Interviews

Nigel Harman On … How Not to Be Public Property

Actor Nigel Harman plays a celebrity spin doctor in the world premiere of Sam Peter Jackson’s comedy Public Property. Having appeared earlier this year on Shaftesbury Avenue opposite James McAvoy and Lyndsey Marshal in a big-budget production of Richard Greenberg’s Three Days of Rain, Harman’s new piece is another three-hander but in the much more intimate 100-seat Trafalgar Studios 2.
Best known to TV fans from EastEnders and Hotel Babylon, Harman has bulked up his theatre credits in recent years. In addition to Three Days of Rain, he’s starred in Guys and Dolls in the West End, The Caretaker, The Exonerated and The Common Pursuit. Earlier in his career, his diverse stage credits included The Lady in the Van, Privates on Parade, Three Sisters and West End musicals Mamma Mia!, Damn Yankees and Tommy.


Public Property is about a very famous newsreader who gets caught in a car park doing something that he shouldn’t. His publicist has to dig him out of this hole one night and, as events conspire, we find out that everything may not be what it seems.

I play Larry, the morally bankrupt publicist, who believes in the media machine and the power of celebrity and he wants to milk the publicity for all it’s worth. If I met Larry in the pub, I’m not sure I’d like him, but he’s a great character to play. He can be very brutal but also very witty and charming, and he’s a lot of fun. He’s a puppeteer really, moving people around to get what he wants. I’ve never met a publicist to his extreme in real life before, but I’m sure there are one or two like him out there!

I have had my own experiences in life with the media machine, of course, but I’m lucky because I keep to myself. People think of me as a celebrity, but I see myself as an actor. I don’t do stuff to sell myself – I don’t go to red carpet events or launches or premieres. I prefer to stay low-key and keep away from all that stuff. It’s just not for me.

I know people who do live for all that, who make a living out of being famous. There’s supply and demand; when there’s a demand, there will always be those willing to supply. The machine feeds the machine. I used to really rail against those types, but I have to give them credit because it takes great courage to completely live your life in the public eye. Ultimately, though, it must be quite soul destroying.

It’s not quite as cutthroat as it may seem. There are rules. The press don’t generally get involved unless you put yourself in the firing line. If you do, then you’re fair game. Look at the gossip magazines: it’s the same thirty people all the time, because they’re the ones who let the journalists and paparazzi into their private lives. It’s a bubble – I don’t even read those papers or magazines.

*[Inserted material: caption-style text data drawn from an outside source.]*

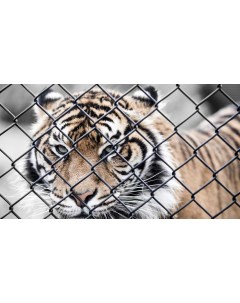 Картина на холсте 60x110 Животные Морда Тигр Сетка Забор 231 Linxone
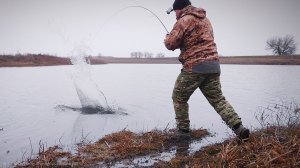 ВОТ ЭТО РЫБАЛКА! ВЕСНОЙ ЗА ПОЛ ЧАСА, ХИЩНАЯ РЫБА ЖАДНО ЕСТ ПРИМАНКУ. Первые весенние рыбалки 2026!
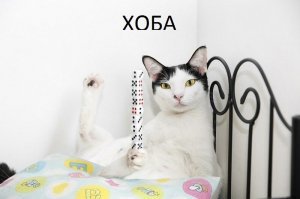 15 самых забавных рекордов Гиннесса за последний год
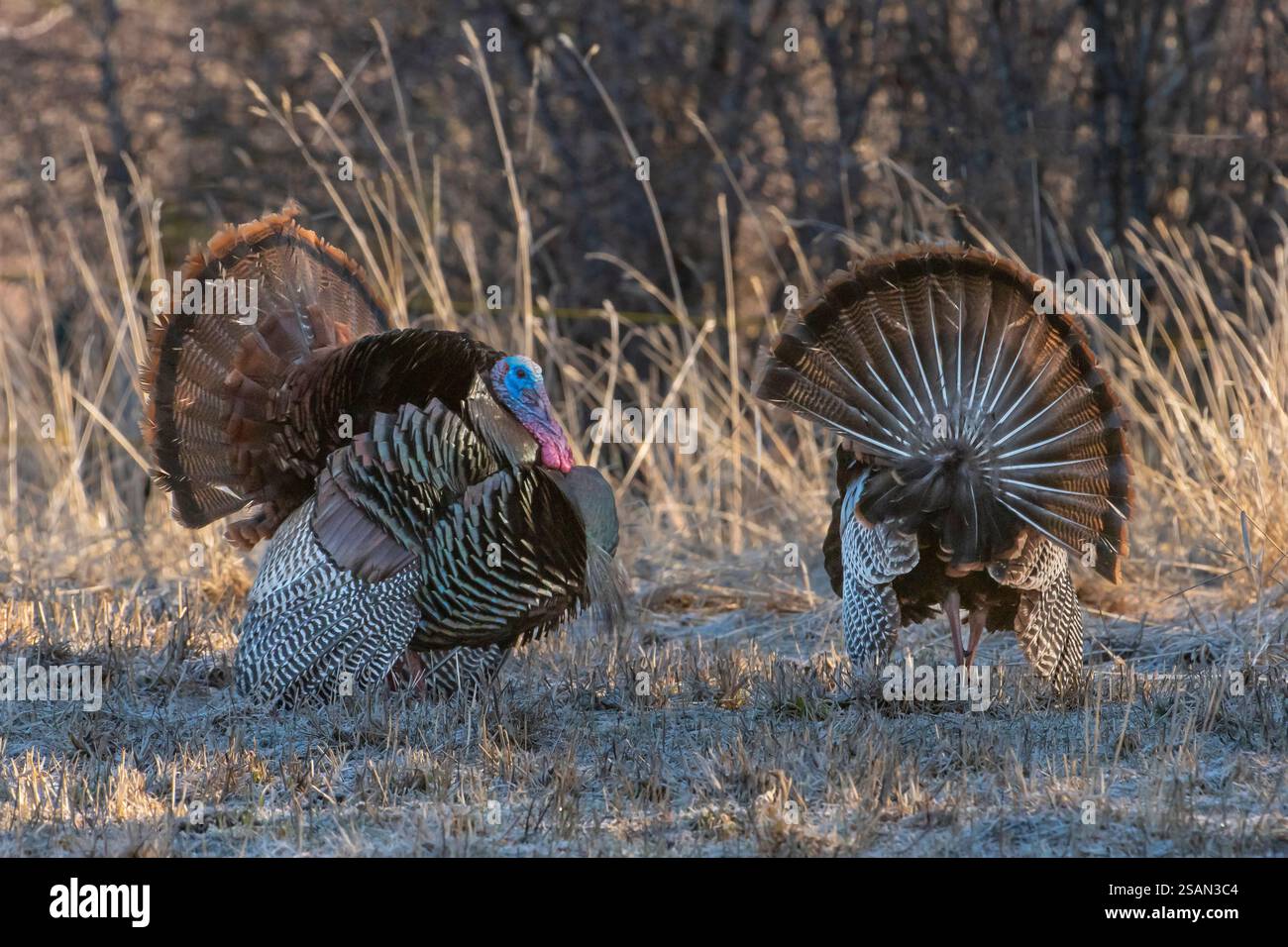 Nordamerika; Usa; Montana; Frühling; Wildtiere; Vögel; Wild Truthahn - Meleagris gallopavo Stockfoto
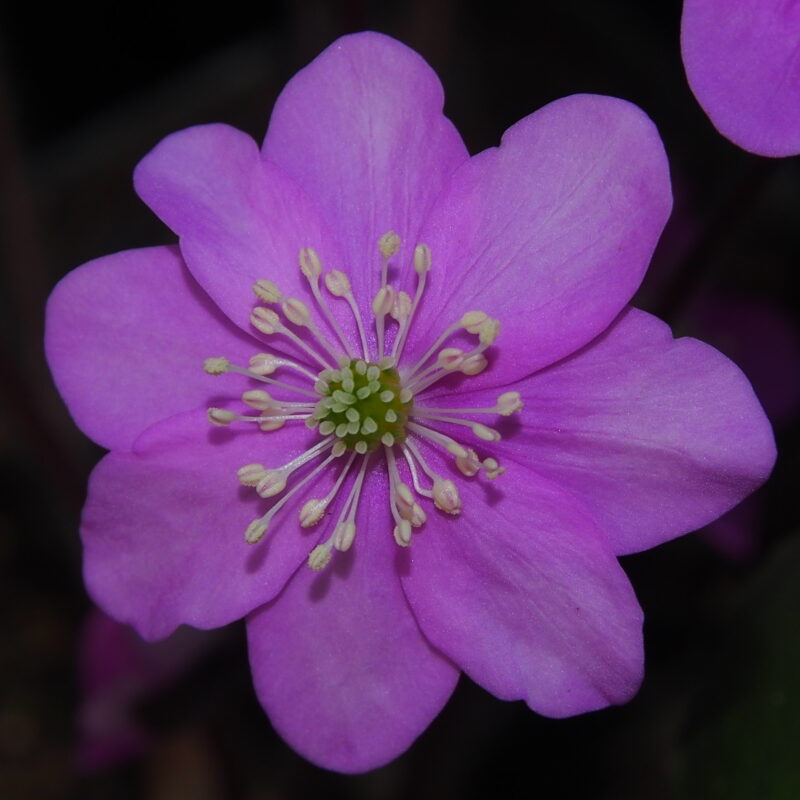 Hepatica nobilis Belvedere Rosa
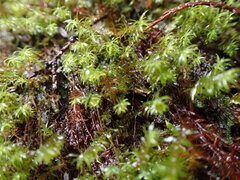 Bartramiopsis lescurii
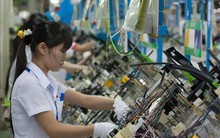 Doanh nghiệp lội ngược dòng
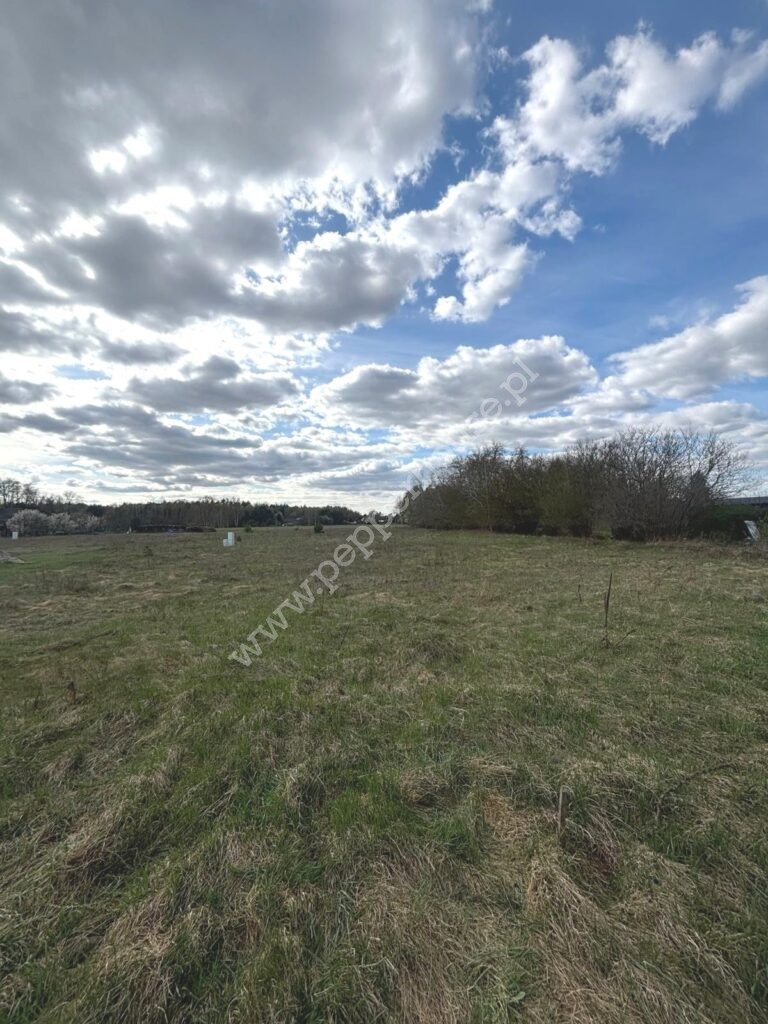 , kujawsko-pomorskie, Kornelin, Szczupakowa - listing photo no. 3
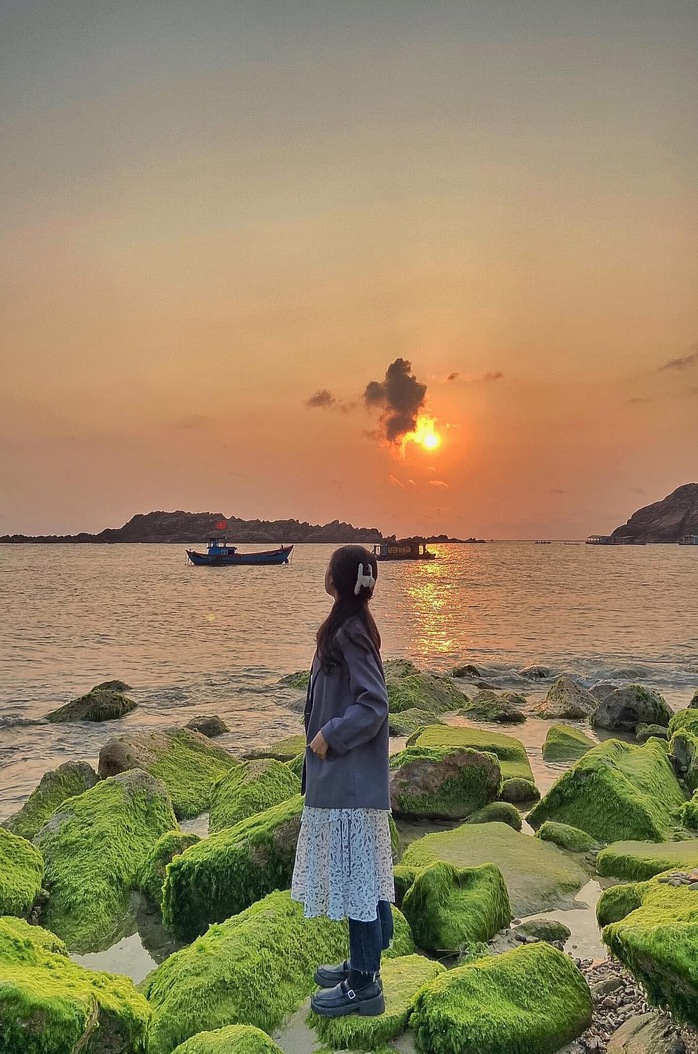 Đẹp ngỡ ngàng mùa rêu xanh ở biển Quy Nhơn- Ảnh 5. Đẹp ngỡ ngàng mùa rêu xanh ở biển Quy Nhơn- Ảnh 5.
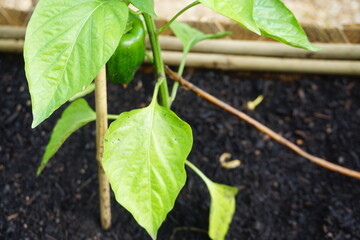 Grüne Bio-Paprikapflanze Holzkastenbeet im Frühling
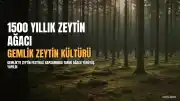 Gemlik'te 'Zeytin Rotası Keşif Yürüyüşü' Gerçekleştirildi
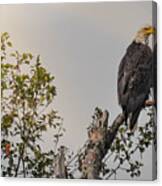 Eagle In Tree Top Canvas Print
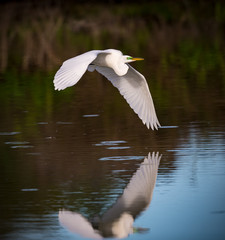 Great White Egret flies over Venice Rookery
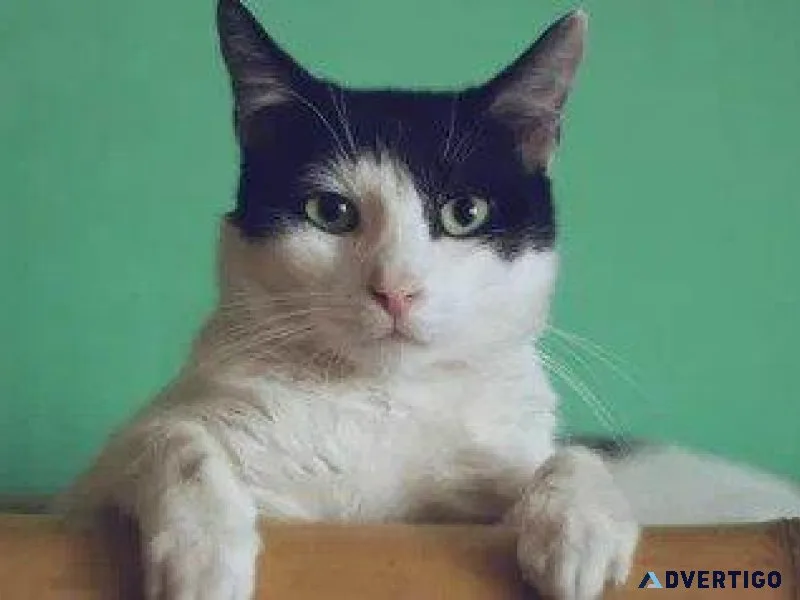 Taking Your Cat To The Vet - Vet Clinic in Omaha NE
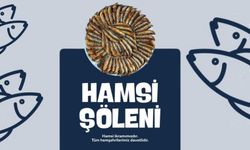 Kalecik’te Hamsi Şöleni Başlıyor: Tüm Halkımız Davetli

Personally, I don’t have a problem with journalists. When I first started, some of them took liberties, but I have to thank the media for leaving me alone for the most part. You just have to set your boundaries – make sure they know what you will and won’t do – and then stick to them. I keep my side of the bargain, and the press have with me as well. It’s an unwritten thing.


Public Property – which co-stars Robert Daws and Steven Webb – runs at Trafalgar Studios 2 from 16 November to 5 December 2009 (previews from 10 November).